▸ **Aim of the task**: Output, exactly as written, the lines below from the one that has "New 2026 Kia EV6 Wind RWD image 12" through the one that has "Fluttering Maple Leaves"; nothing else, and no pictures.

▸ **Listed records**:
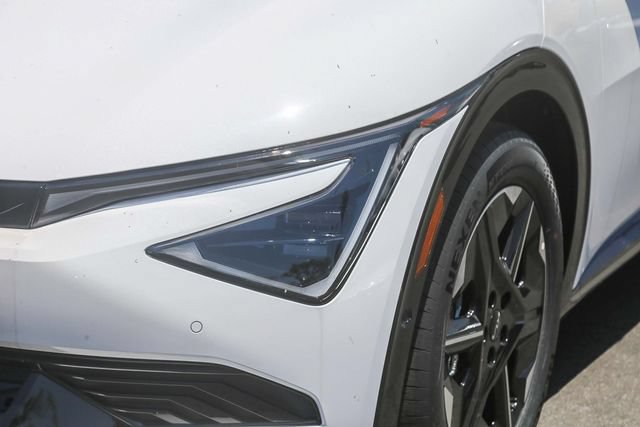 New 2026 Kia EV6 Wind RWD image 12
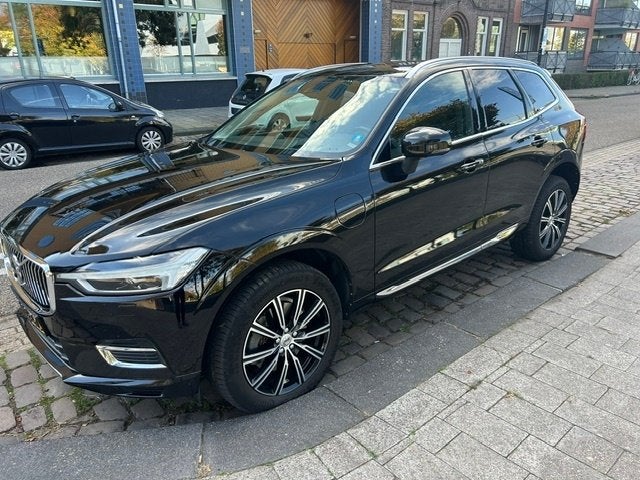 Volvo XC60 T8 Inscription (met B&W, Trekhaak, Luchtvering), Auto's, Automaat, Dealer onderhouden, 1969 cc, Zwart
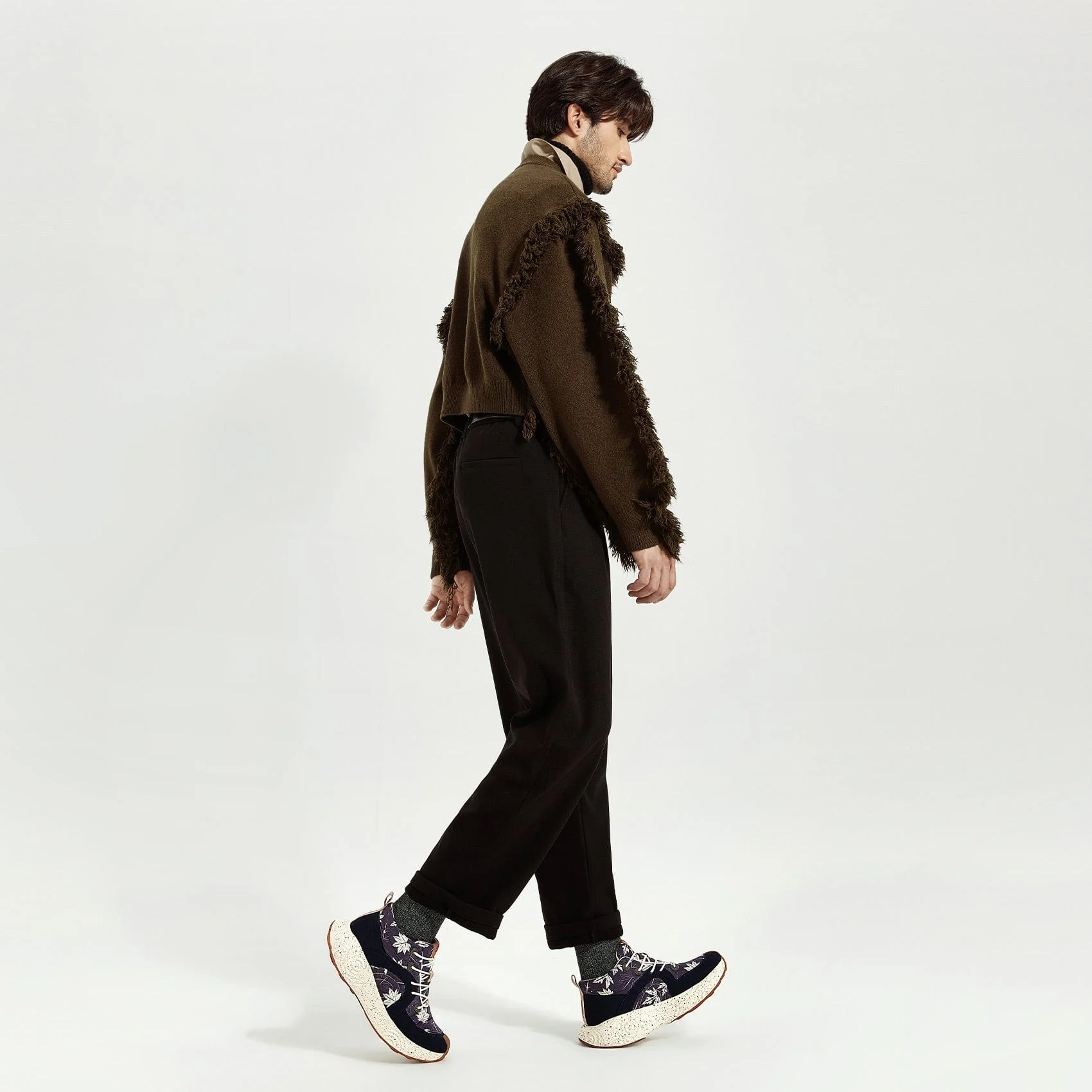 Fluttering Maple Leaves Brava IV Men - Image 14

...

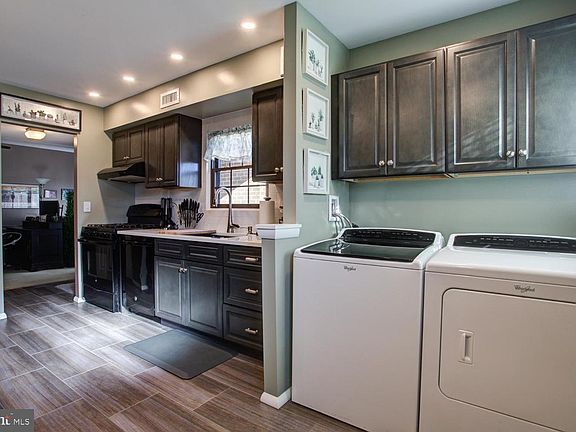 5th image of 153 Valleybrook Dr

* * *

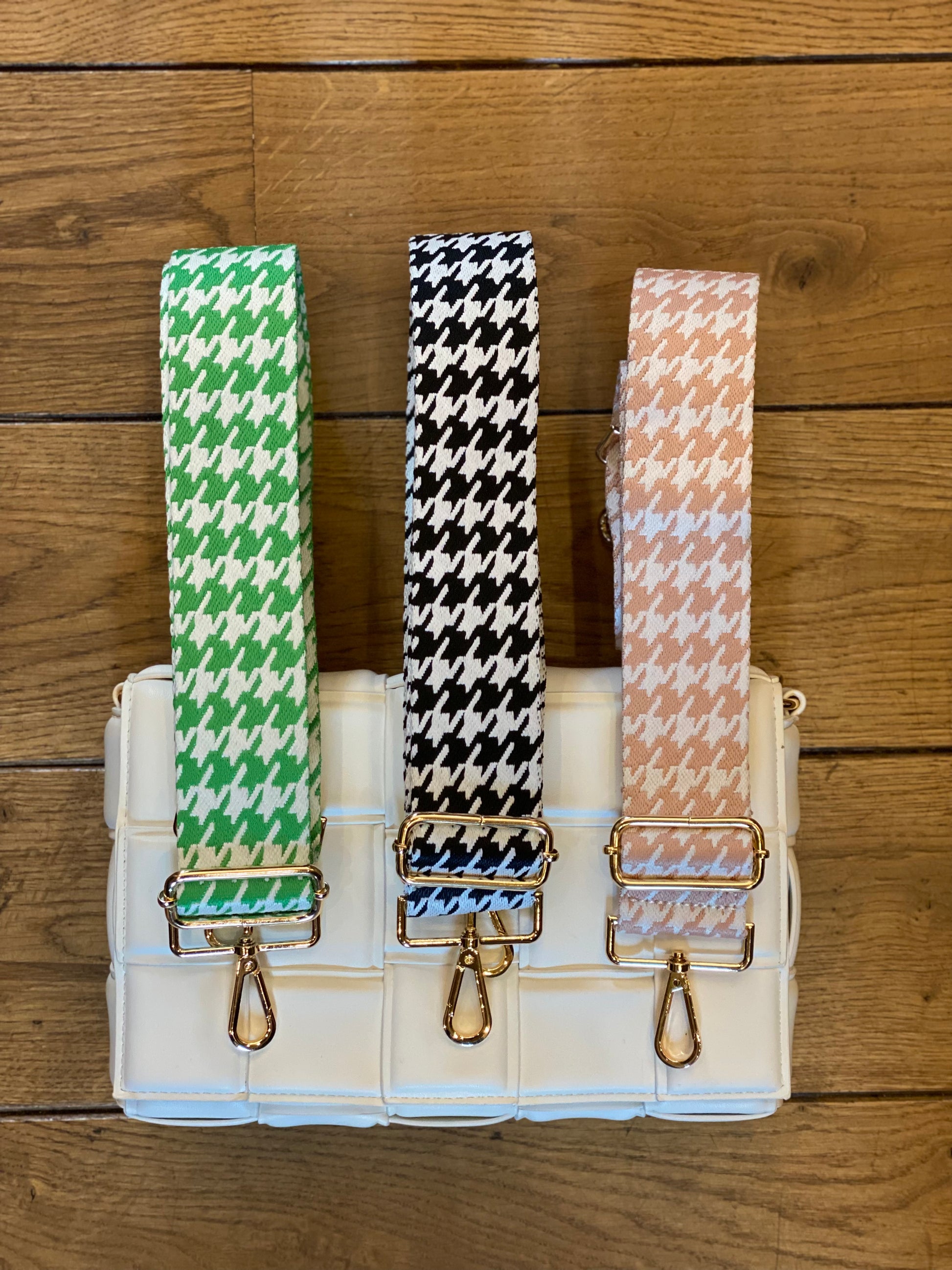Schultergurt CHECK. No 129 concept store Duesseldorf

▸ **Your solution**:
 New 2026 Kia EV6 Wind RWD image 12
 Volvo XC60 T8 Inscription (met B&W, Trekhaak, Luchtvering), Auto's, Automaat, Dealer onderhouden, 1969 cc, Zwart
 Fluttering Maple Leaves Brava IV Men - Image 14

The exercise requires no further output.